Maybe change friends? All those things you mention, my friends raised money for charity for.

toohardtothinkofaname Mon 04-Jan-16 19:55:55

All (bar ice bucket challenge which was started by a person, not a charity) are promotional fundraising events designed to raise awareness & start conversations about issues the charity campaigns for. They will be doing everything they can to get the participants to raise & return the money but unfortunately can't force them too.

With the rise of social media & the inability to do something altruistic without making a song & dance about it, people will sign up to take part & do it so they feel they've made a difference but actually, haven't. Or, their contribution barely covers the sign up pack.

Despite this, charities still make money though from those that do it 'properly'

lorelei9 Mon 04-Jan-16 20:05:35

odd title
well, I was confused because I was thinking of actual funded events that didn't ultimately turn a profit IYSWIM - like a black tie dinner that didn't make a profit

Ice Bucket Challenge made an excess of c$90million on the previous year's donations (with no ice buckets)

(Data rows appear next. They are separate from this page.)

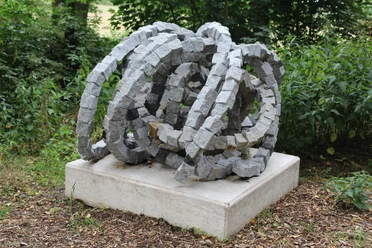 Steinskulptur "Rolle vorwärts" aus granitenen Segmentelementen auf Betonfundament, umgeben von Grün.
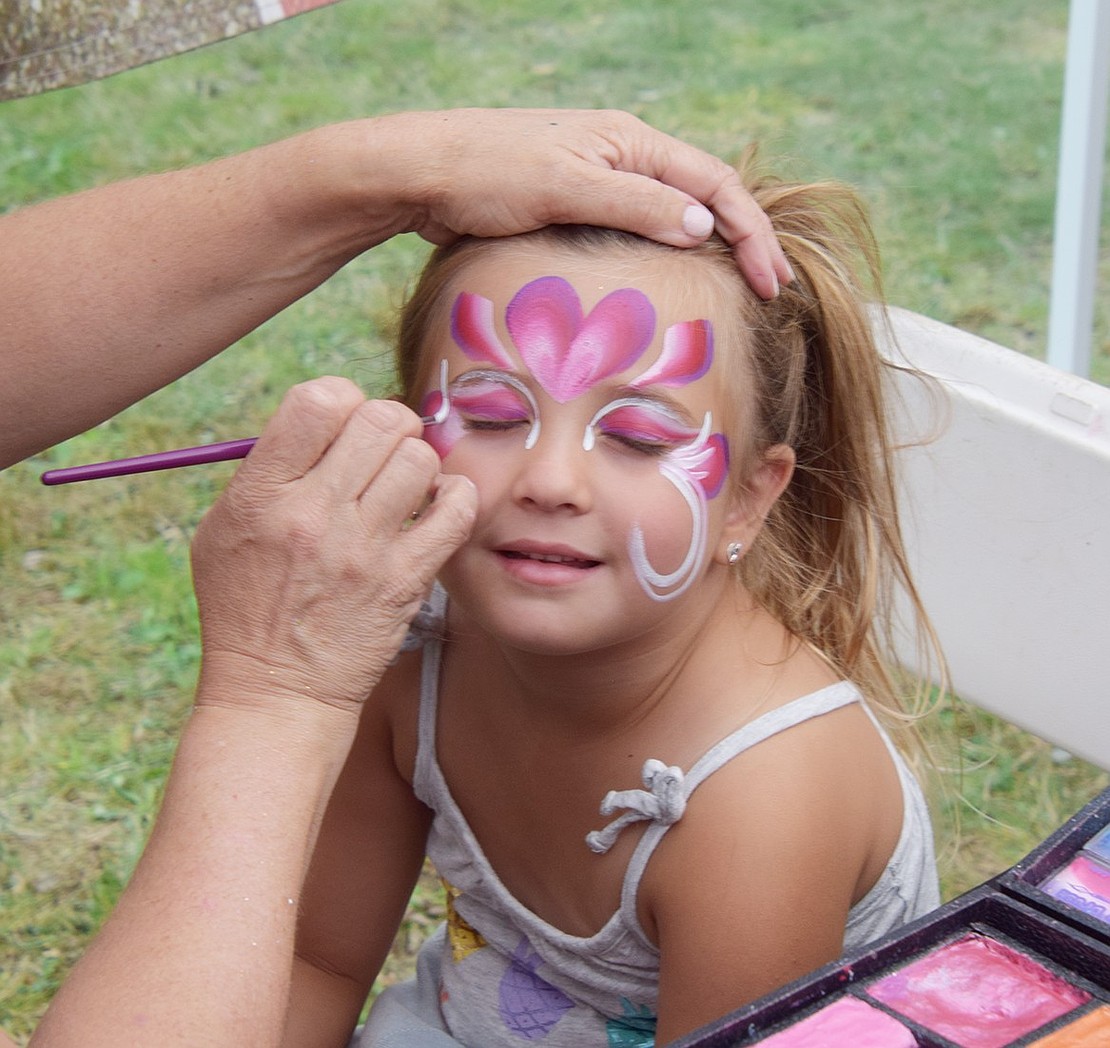 Calm and patient, 4-year-old Westchester Avenue resident Eva Tedesco sits still while an elegant design gets painted on her face at Port Chester Day on Saturday, Aug. 24.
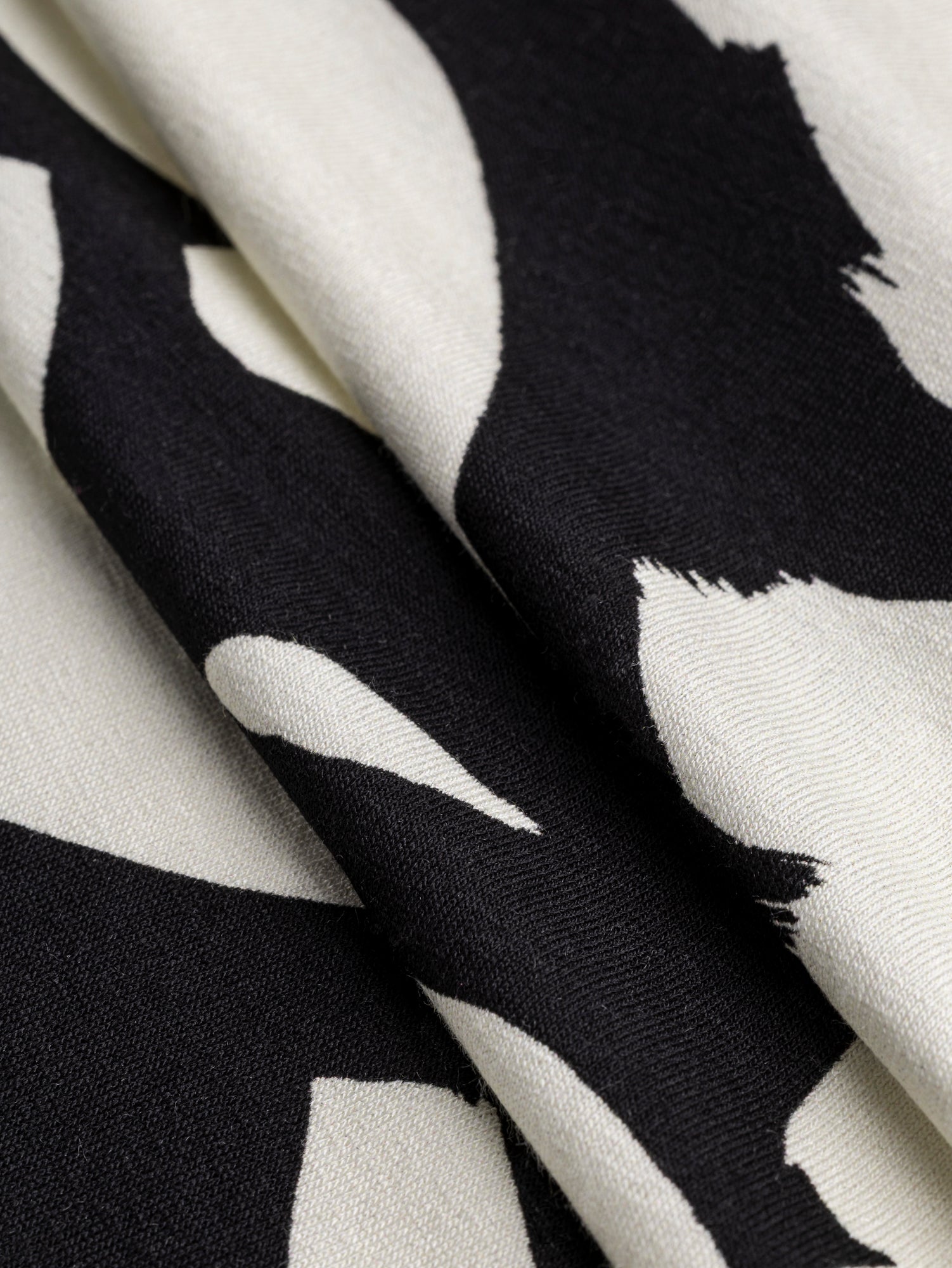 F-VIS269-Abstract-Brushstroke-Viscose-Knit-Black-Cream-Core-Fabrics-fold.JPG
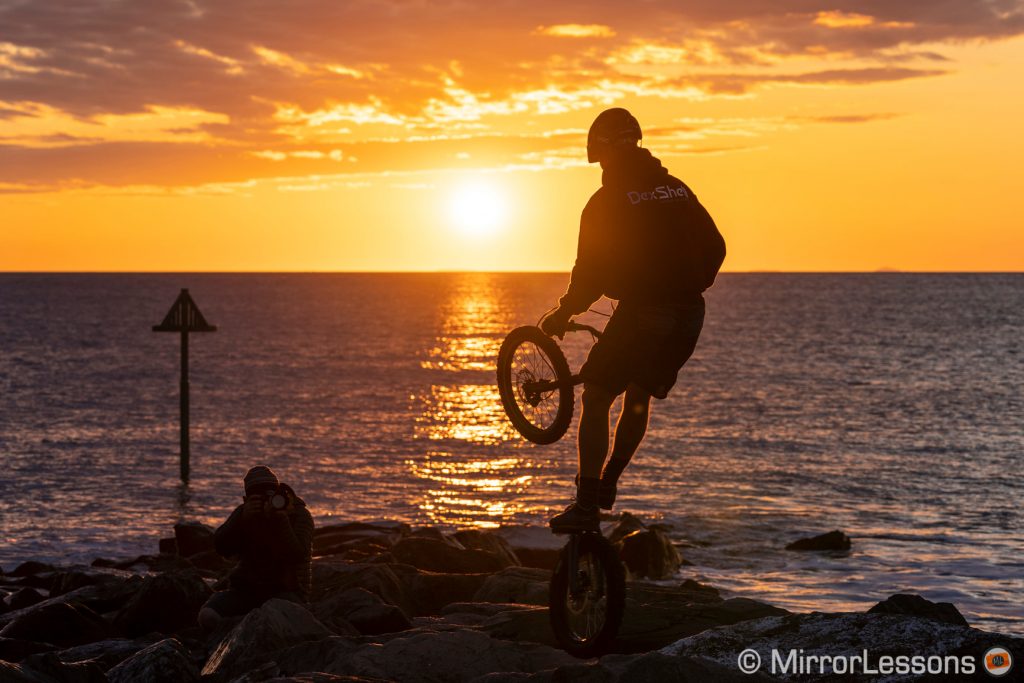 silhouette of a professional mountain biker doing figures in front of the sea at sunset time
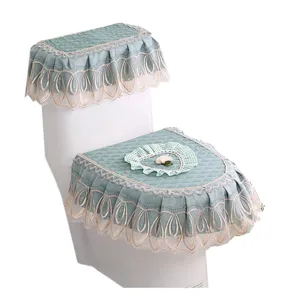Green fabric toilet seat cover set with elegant lace ruffle and sweet heart motif for bathroom.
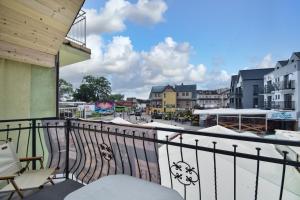 a balcony with a view of a city at Apartamenty Przy Bałtyckiej in Mrzeżyno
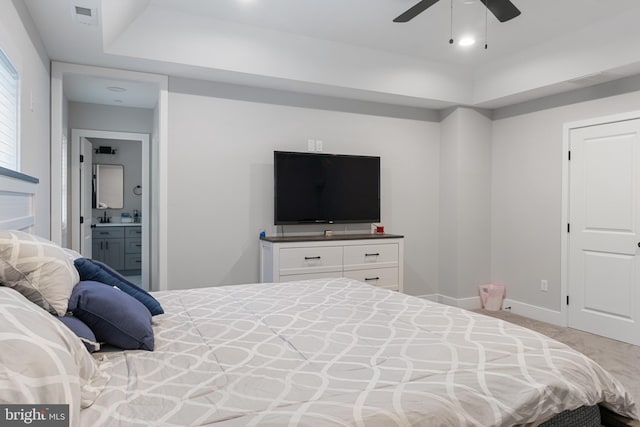 carpeted bedroom featuring ensuite bath and ceiling fan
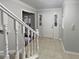 Entryway featuring tiled flooring, a staircase, and a front door with sidelights at 1935 Wenton Pl, Lawrenceville, GA 30044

I cba looking up the others but the thing is about Movember type stuff, as a charity, once the event is set, even if only half the people doing it are doing it to donate, you've still made a bunch of money.

I appreciate some things are about raising awareness and some people will do Dryathlon for the sake of their liver, but these are relatively cheap ways for charities to raise money, sure. And much less annoying than blanket junk mail!